October 15, 2013: A magnitude 7.2 earthquake rocked the central Philippines on Tuesday, killing at least 93 people and destroying houses, government buildings, and centuries-old churches. According to the US Geological Survey, the quake's epicenter was under the island province of Bohol.

Fatalities and numerous injuries have occurred in both Bohol and Cebu provinces, according to officials. The earthquake was also felt in the island provinces of Negros Oriental, Southern Leyte, and several areas of Leyte and Samar.

Many buildings were damaged in the quake which struck at 8.12am local time, officials said. "We are expecting the number of casualties to rise as we continue to receive reports from the field," Rey Balido, spokesman of the National Disaster Risk Reduction and Management Council, said.

At least four people were killed in Cebu city when a slab of concrete fell from a building onto the main market, while several other people, including a child, were killed in a stampede, according to local news reports. Bishop Leonardo Medroso of Tagbilaran said the tremor "was so strong" and caused "real damage" to structures.

He said the diocese is still assessing the damage to churches but Spanish-era churches in the towns of Loon and Carmen collapsed. At least two people were reported trapped inside the Loon church, the bishop added. Reports said the Church of Our Lady of the Immaculate Conception in Baclayon, considered one of the oldest churches in the Philippines, was also heavily damaged.In Cebu City, the earthquake damaged the Basilica of the Holy Child.
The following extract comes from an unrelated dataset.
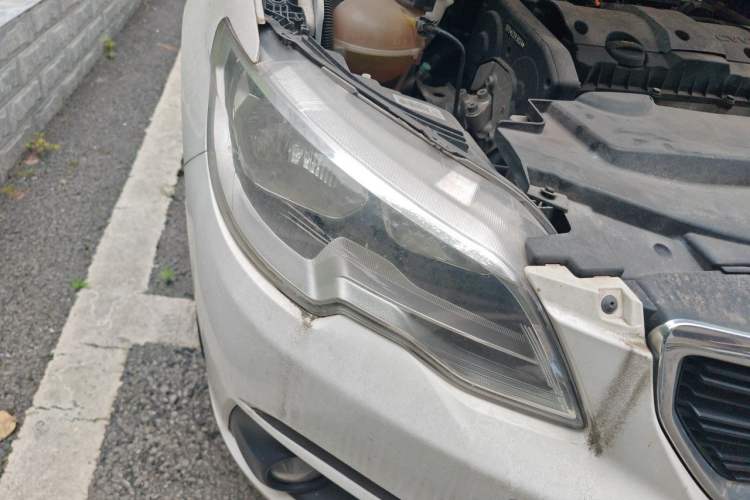Used Peugeot 301 2018 1.6L Manual Comfort Edition Right Front Headlight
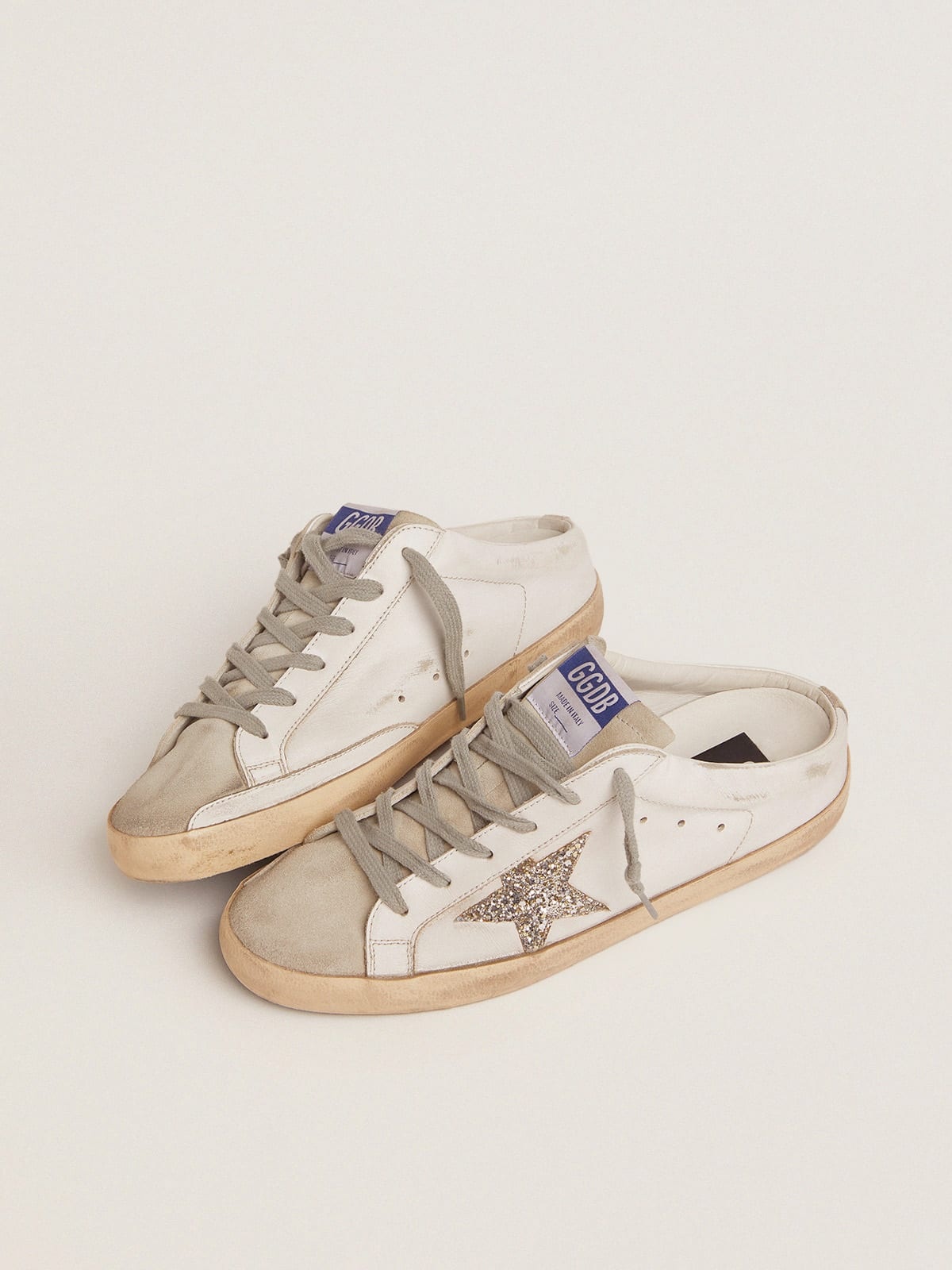 Super-Star Sabots in white leather and gray suede with silver glitter star - 2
Bohol Governor Edgar Chatto said in a television interview that authorities are still determining the extent of the damage and casualties as aftershocks continued. Air carriers Cebu Pacific and AirAsia Philippines suspended flights to and from Tagbilaran City and Cebu. The Philippines forms part of what is known as the Pacific “Ring of Fire,” a region vulnerable to frequent earthquakes and volcanic activity.